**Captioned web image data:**
---
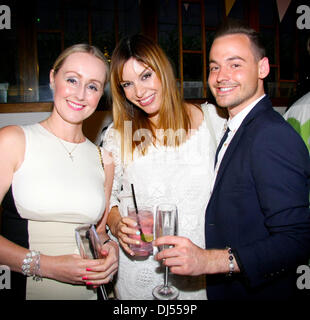 Sarah Ruddock e Catalina Guirado l annata Cosmetic Company compleanno e launch party presso il Sanctum Soho Hotel Londra Inghilterra - 30.05.12 Foto Stock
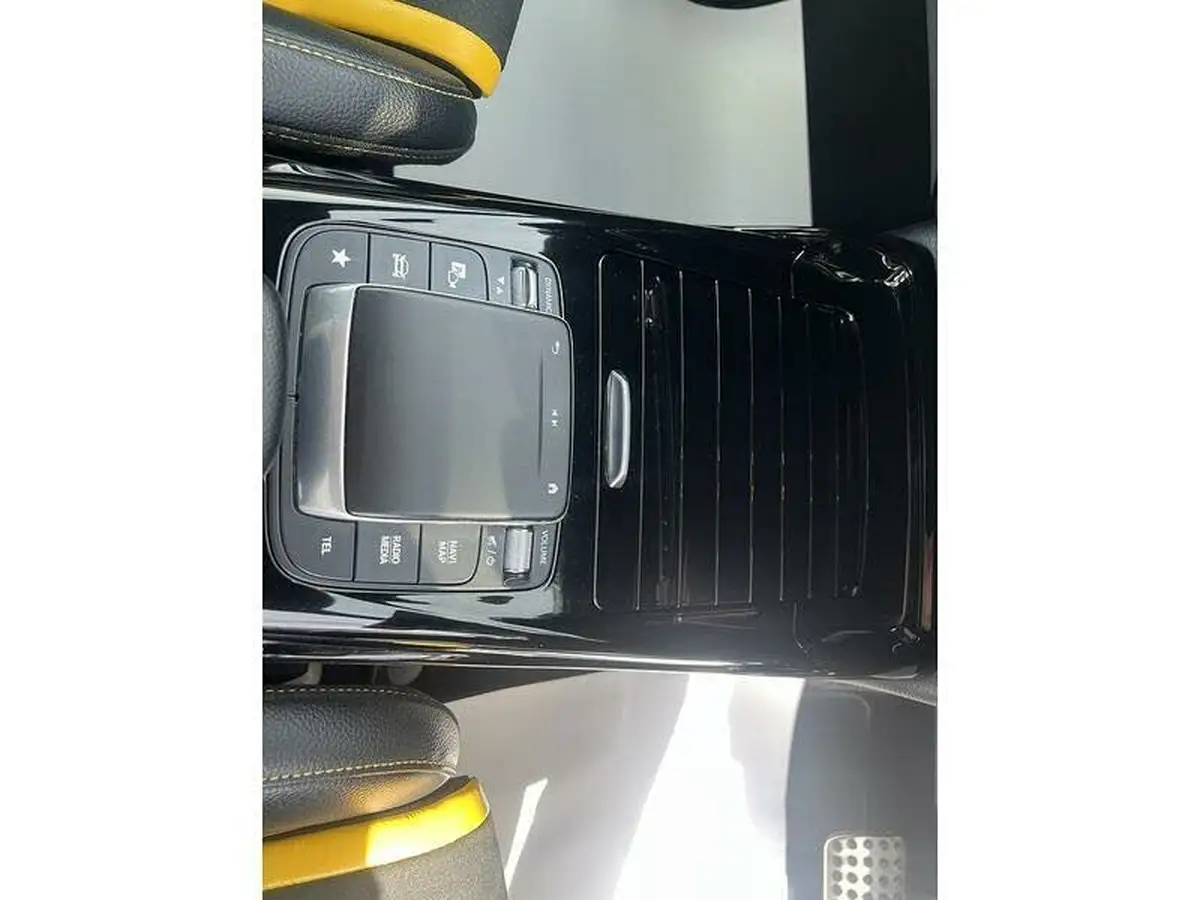 2020-mercedes-benz-a-class-20-a45-s-amg-big-51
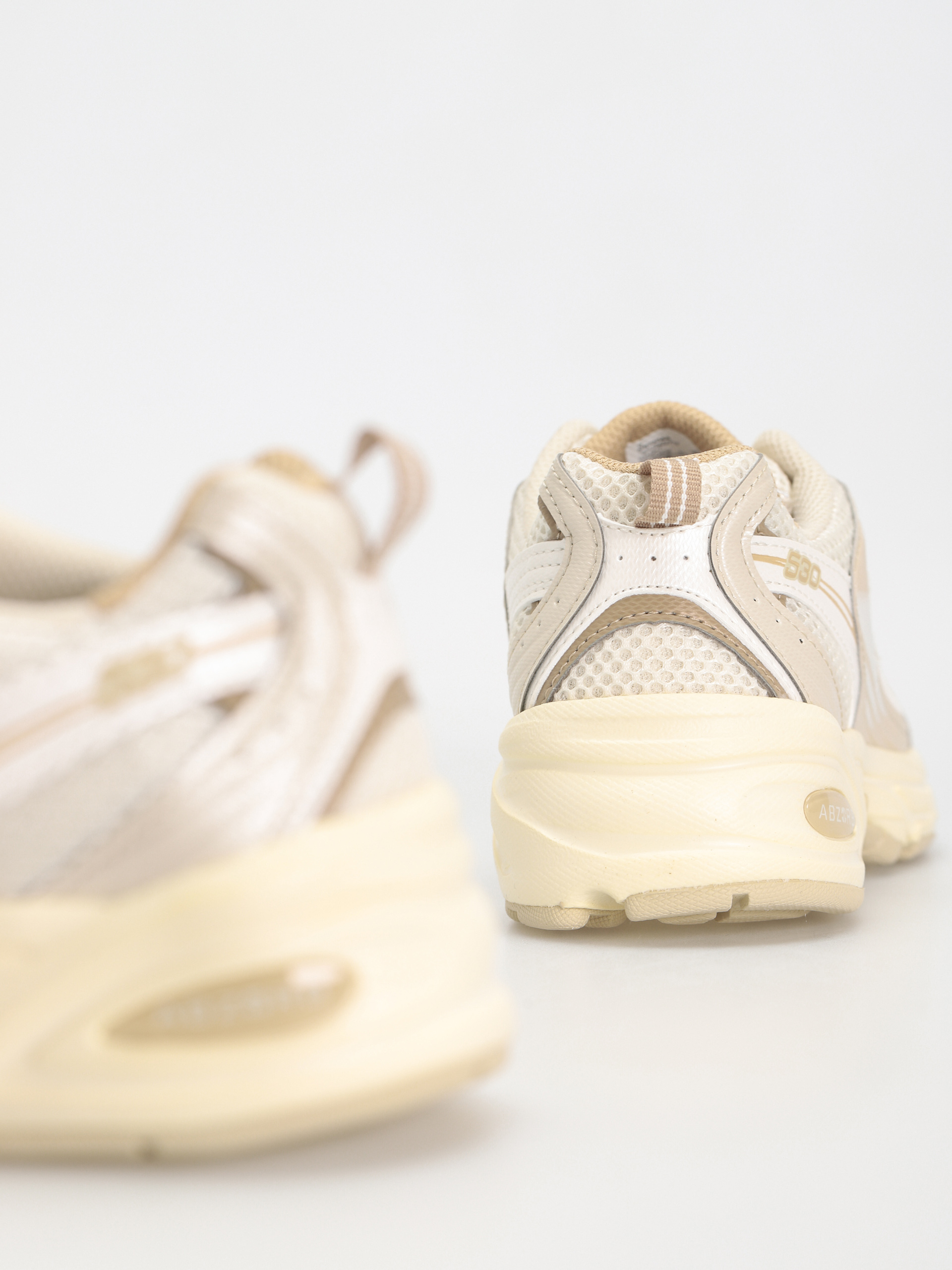 New Balance 530 Cipők (bone)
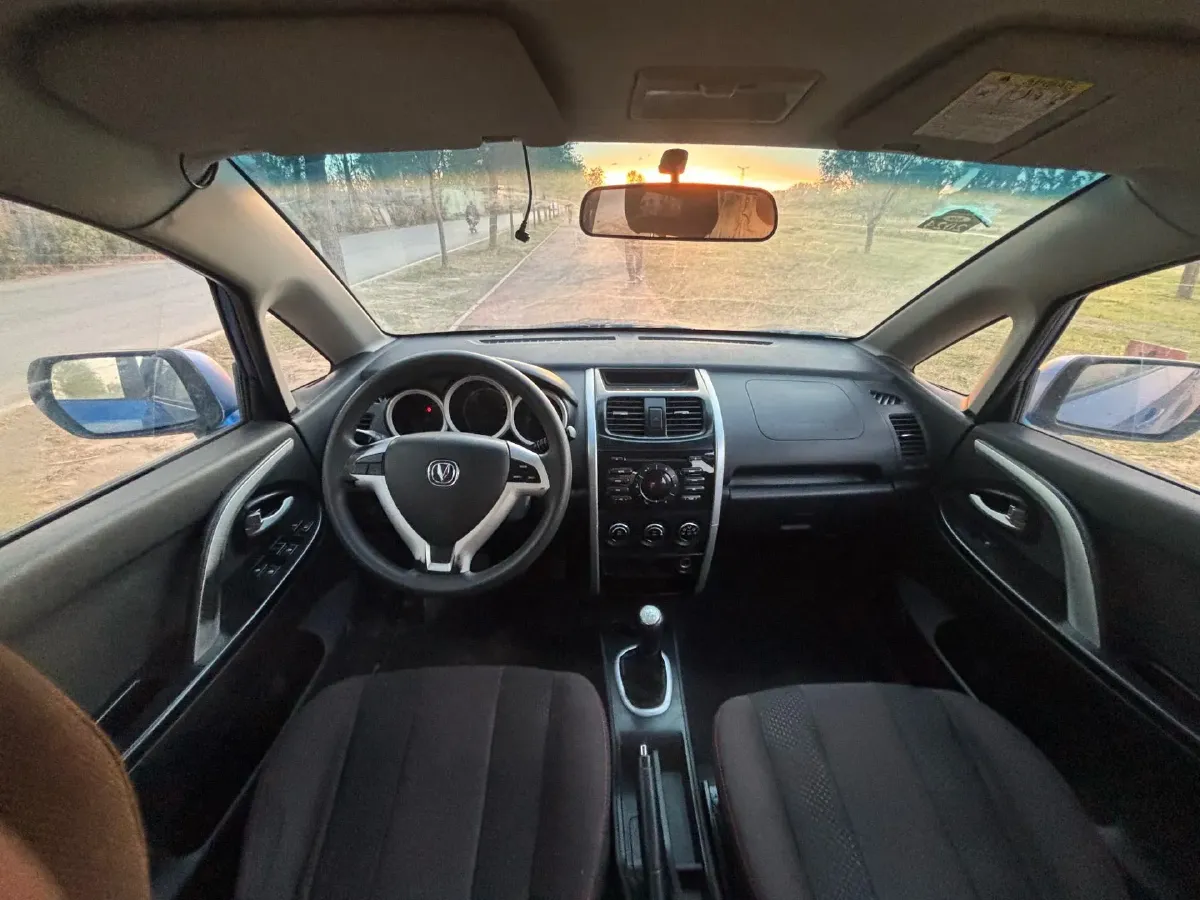 2014 ChangAn CX20 1.4L 101HP L4 5MT,autocango,china used car exporter,china ev exporter,chinese used car exporter,chinese used ev exporter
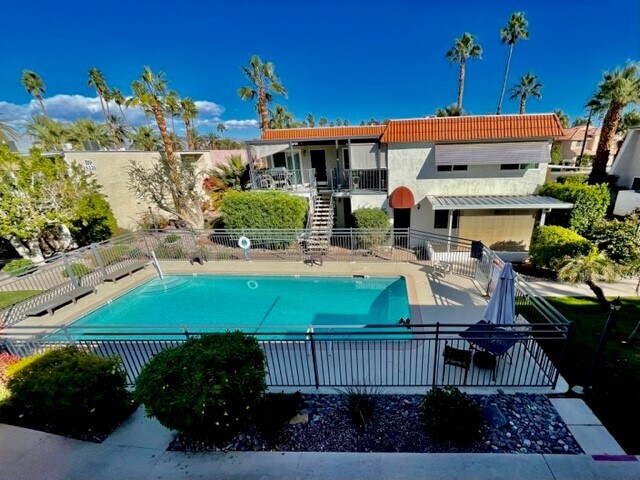 Building Photo - 45242 Panorama Dr
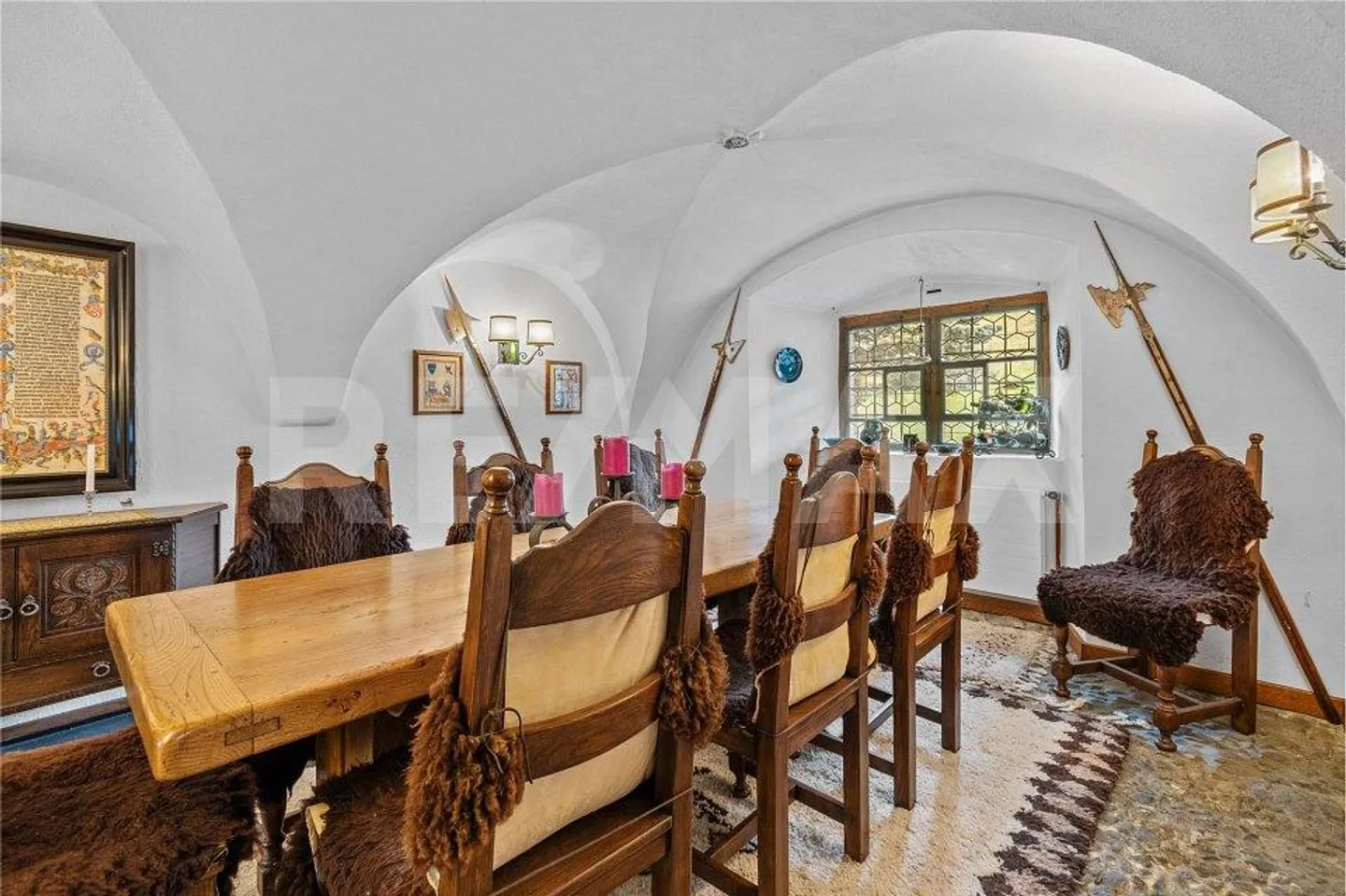 Charmant (par Sprecher) maison bifamiliale avec histoire - Votre nouveau... - Photo 10 sur 13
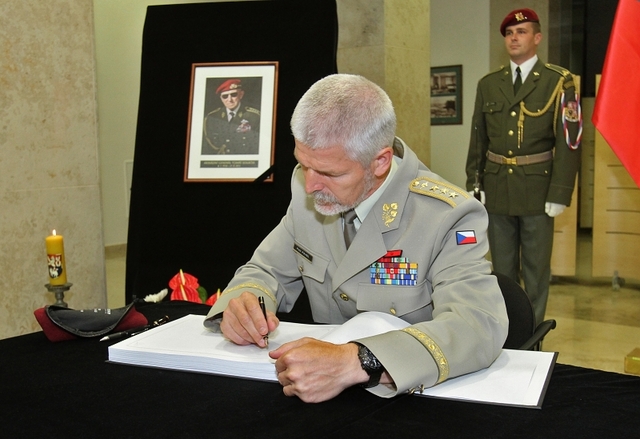 Generál Petr Pavel podepisuje kondolenční knihu 2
---
**The task:** Set down exactly the lines running from the beginning of the entries above to the line that contains "2014 ChangAn CX20", including both, and leave out pictures.

**Task solution:**
 Sarah Ruddock e Catalina Guirado l annata Cosmetic Company compleanno e launch party presso il Sanctum Soho Hotel Londra Inghilterra - 30.05.12 Foto Stock
 2020-mercedes-benz-a-class-20-a45-s-amg-big-51
 New Balance 530 Cipők (bone)
 2014 ChangAn CX20 1.4L 101HP L4 5MT,autocango,china used car exporter,china ev exporter,chinese used car exporter,chinese used ev exporter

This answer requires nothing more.